While fundraising is ongoing, BAMH is trying to establish a prototype where a patient’s information is housed on a shared database that can easily be accessed by all of the doctors a patient sees. Organized by date, the data will contain any recent changes a patient has experienced to combat the challenge of up-to-date information not being passed along from doctor to doctor.

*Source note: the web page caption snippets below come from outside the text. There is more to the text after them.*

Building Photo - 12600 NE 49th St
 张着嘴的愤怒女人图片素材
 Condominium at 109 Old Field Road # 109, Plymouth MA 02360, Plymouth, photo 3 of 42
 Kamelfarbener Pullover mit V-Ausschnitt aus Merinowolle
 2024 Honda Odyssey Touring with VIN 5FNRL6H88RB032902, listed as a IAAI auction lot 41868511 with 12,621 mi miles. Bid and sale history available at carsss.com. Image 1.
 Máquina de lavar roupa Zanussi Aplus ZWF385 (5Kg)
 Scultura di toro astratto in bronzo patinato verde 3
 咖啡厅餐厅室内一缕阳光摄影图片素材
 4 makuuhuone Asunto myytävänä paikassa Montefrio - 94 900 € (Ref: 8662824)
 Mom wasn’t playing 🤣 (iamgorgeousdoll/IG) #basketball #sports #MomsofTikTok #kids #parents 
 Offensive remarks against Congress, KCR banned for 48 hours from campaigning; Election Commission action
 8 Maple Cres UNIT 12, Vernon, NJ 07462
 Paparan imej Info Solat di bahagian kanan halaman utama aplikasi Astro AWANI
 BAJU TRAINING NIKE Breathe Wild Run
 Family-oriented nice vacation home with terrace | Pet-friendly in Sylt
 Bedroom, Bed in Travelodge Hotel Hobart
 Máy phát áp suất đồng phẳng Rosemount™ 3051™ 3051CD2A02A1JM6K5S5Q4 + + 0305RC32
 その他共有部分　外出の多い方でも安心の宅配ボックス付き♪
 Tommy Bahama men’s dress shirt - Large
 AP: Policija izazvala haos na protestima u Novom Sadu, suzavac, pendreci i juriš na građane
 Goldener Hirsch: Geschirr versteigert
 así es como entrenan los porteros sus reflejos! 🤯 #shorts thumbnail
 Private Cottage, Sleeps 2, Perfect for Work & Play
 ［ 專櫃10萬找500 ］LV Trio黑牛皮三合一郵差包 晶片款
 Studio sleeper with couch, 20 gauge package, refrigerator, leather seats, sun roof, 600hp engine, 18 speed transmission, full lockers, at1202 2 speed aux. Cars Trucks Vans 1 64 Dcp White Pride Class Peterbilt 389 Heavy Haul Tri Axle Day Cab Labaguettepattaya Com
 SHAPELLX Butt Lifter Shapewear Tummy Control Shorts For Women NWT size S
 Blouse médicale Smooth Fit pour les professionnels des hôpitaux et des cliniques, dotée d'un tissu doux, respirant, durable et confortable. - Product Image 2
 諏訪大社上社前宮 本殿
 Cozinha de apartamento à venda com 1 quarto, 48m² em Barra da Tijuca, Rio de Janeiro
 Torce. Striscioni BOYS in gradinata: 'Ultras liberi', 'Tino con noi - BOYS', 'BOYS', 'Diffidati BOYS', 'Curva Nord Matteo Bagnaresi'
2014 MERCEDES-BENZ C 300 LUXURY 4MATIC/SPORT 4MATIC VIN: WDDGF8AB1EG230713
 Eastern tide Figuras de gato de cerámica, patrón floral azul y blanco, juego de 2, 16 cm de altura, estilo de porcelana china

The current approach to treating individuals with treatment-resistant behaviors is mostly curated in the classroom or other educational settings when youth are below the age of 21. To receive proper help for their conditions, adolescents must see multiple doctors and specialists in tandem. Information sharing between providers about things like changes in diet, activity, behavior, medication, hospitalizations, and overall well-being, is often not communicated effectively, which can affect a person’s care and treatment plan. Up-to-date information is paramount to effectively managing care and identifying any additional services youth may need.

My hope is that by setting up a database of information, we start to see the signs that a crisis may be coming and can collectively get in front of a person needing to be admitted into a hospital setting,” said Ryan.

The goal is to keep individuals with intellectual disabilities out of the emergency room, which is not set up to serve their immediate needs during times of crisis.

BAMH leaders are optimistic that an impatient clinic in Western New York will eventually be opened to serve the Buffalo community and provide families with the help they need to transition back into their home environment after a crisis. Until then, Ryan and other BAMH leaders will continue their much-needed efforts.